Josephson first came to Prague following an invitation from Mirjam Müller (film director and wife and creative partner of the famous Czech actor and rock singer Daniel Landa). Müller saw his critically acclaimed production of Ray Bradbury’s 2116 at the Edinburgh Fringe Festival in 2010 and was keen to involve him in the pair’s latest project, a large-scale rock opera “Klic Kralu” (Key of Kings) which opened at Divadlo Broadway (one of Prague’s five big musical theatre venues), in 2012. Josephson signed on as Creative Director and Choreographer.
This was his first introduction to the sheer volume and quality of talent in the Czech scene, a resource he was eager to encourage and develop further. “I believe that the singing and performing talent here in the Czech republic is some of the highest in the world, says Josephson. “These actors should be given opportunities to perform in English so that the rest of the world can see what the Czech-speaking audiences are treated to every week at countless theatres across the city.”
Josephson has also worked with one of the Czech capitals’s longest-standing English-language theatre companies, the Prague Playhouse, directing their 2012 summer production of Sweeney Todd, another Czech premiere, for which two actors were awarded nominations for the prestigious Thalie awards (rare for an English-language production). Earlier this year he directed the Tennessee Williams classic “The Glass Menagerie”.
The Prague premiere of RENT features a cast that comprises the cream-of-the-crop of the Czech and Slovak musical theatre scene. “It’s hard work coordinating rehearsal schedules because almost all of the cast members are also performing in rep at one or more of the big theatres here in the city,” says Josephson. Some of these shows include Josephson’s own “Klic Kralu” at Divadlo Broadway, as well as “Maugli” (Mowgli) and “Pomáda” (Grease) at Divadlo Kalich, and “Quasimodo” at Divadlo Hybernia.
Josephson has tasked award-winning choreographer and regular collaborative partner Tod A. Kubo with directing the dance element of the show. Kubo’s list of credits is vast, with hundreds of productions spanning Europe, Asia, Australia, and the Americas. He told us that he is really excited to be in Prague and to be involved in such a ground-breaking premiere. For this particular project his interest lies in functional movement, using the way real people move on the street as inspiration for his on-stage choreography.

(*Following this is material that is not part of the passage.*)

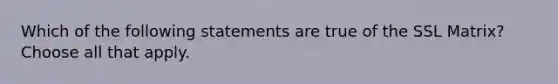 Which of the following statements are true of the SSL Matrix? Choose all that apply.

Josephson says he is taking quite a different approach to many of the other musicals currently on stage here in Prague which generally employ a fairly segregated performance style, with singers singing, dancers dancing, and actors acting. “For RENT we are using a much more Western performance style so all of the cast members have the opportunity to use their skills in each of the disciplines simultaneously.”
He adds that he likes his creative projects to be learning experiences for all involved – the cast, crew, and even audience. “I’m always interested in taking part in some sort of cultural exchange, otherwise what’s the point?”
The show will have Czech subtitles to encourage non-English speaking audience members to attend, although Josephson and his crew are already planning to stage a Czech-language version of the show in the coming year.
The performance will take place at the suitably warehouse-esque Divadlo Na Pradle which Josephson says is reminiscent of the original off-Broadway production back in New York. “We’ll be making the use of the balcony and gallery areas as part of the show so audiences will be really up-close and personal with the cast. it’s a relatively small space for so much energy so I think it’s going to be a pretty explosive experience!”